**Work instruction:** Beginning with the line that contains "Peach and White", retype the entries below exactly, ending with the line that contains "Michael Kors Cream". Leave out any pictures.

**Available records:**

+ + + + +

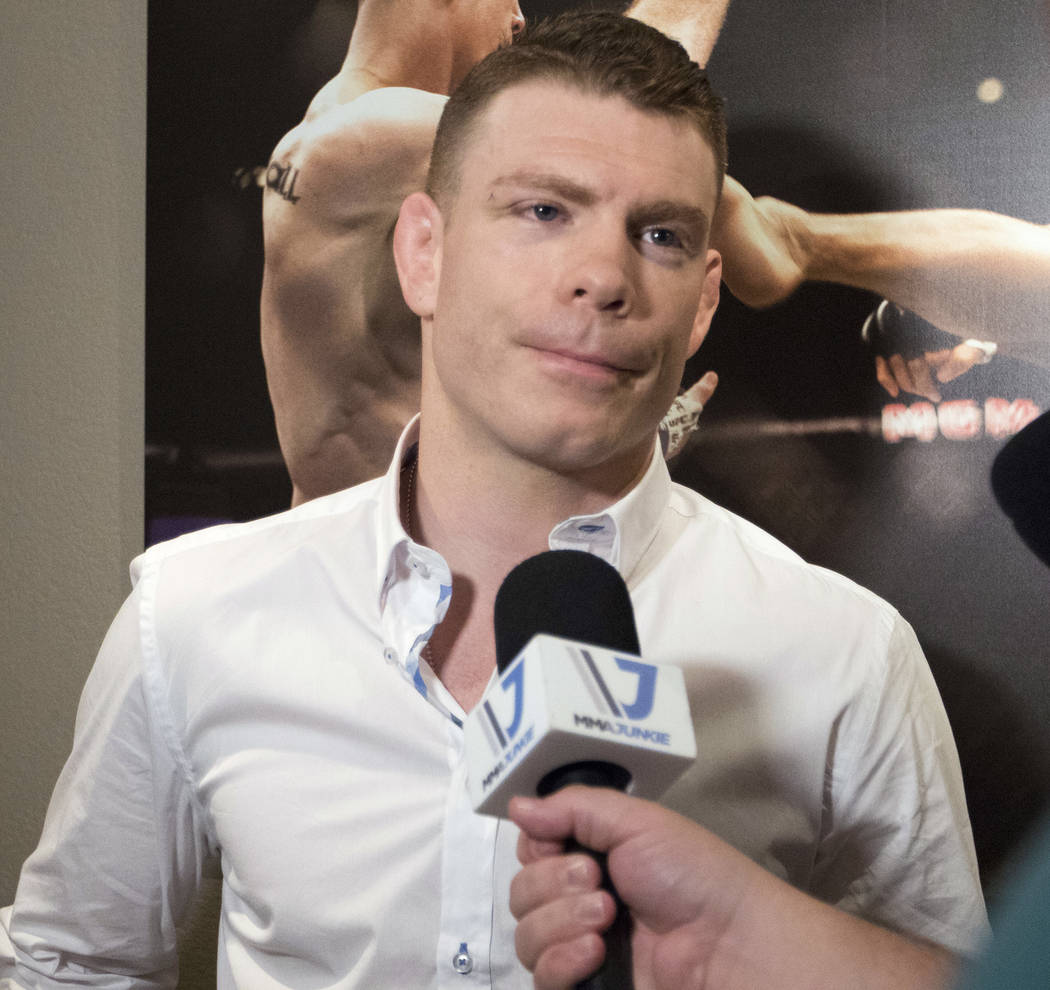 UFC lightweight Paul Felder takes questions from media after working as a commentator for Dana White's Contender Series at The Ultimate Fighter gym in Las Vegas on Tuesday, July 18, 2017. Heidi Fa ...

+ + + + +

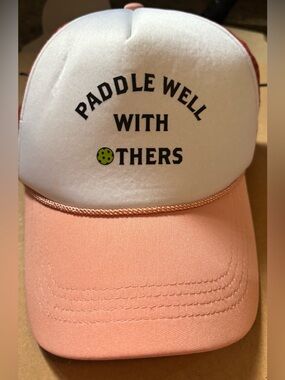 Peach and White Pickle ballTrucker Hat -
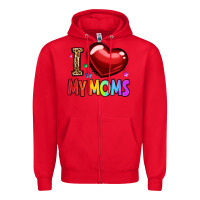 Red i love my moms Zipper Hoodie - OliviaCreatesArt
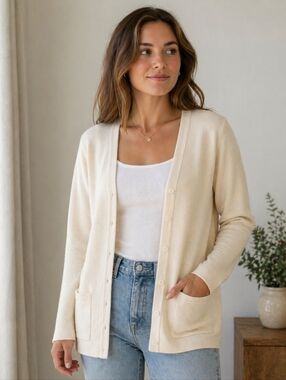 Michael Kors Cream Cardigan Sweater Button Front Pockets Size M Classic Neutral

+ + + + +

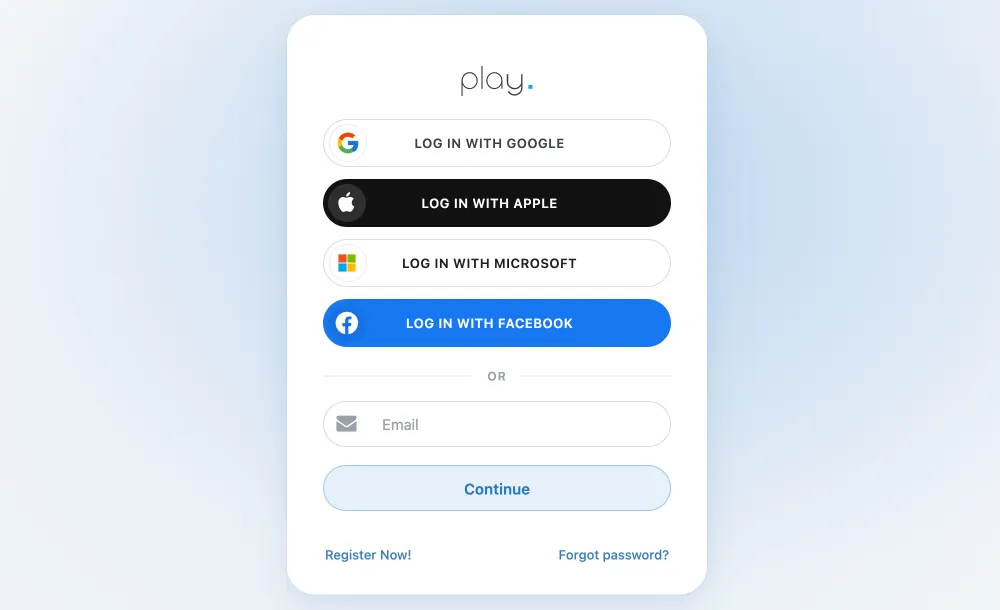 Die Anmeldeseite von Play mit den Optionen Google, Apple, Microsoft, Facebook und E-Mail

+ + + + +

**Response for this exercise:**
 Peach and White Pickle ballTrucker Hat -
 Red i love my moms Zipper Hoodie - OliviaCreatesArt
 Michael Kors Cream Cardigan Sweater Button Front Pockets Size M Classic Neutral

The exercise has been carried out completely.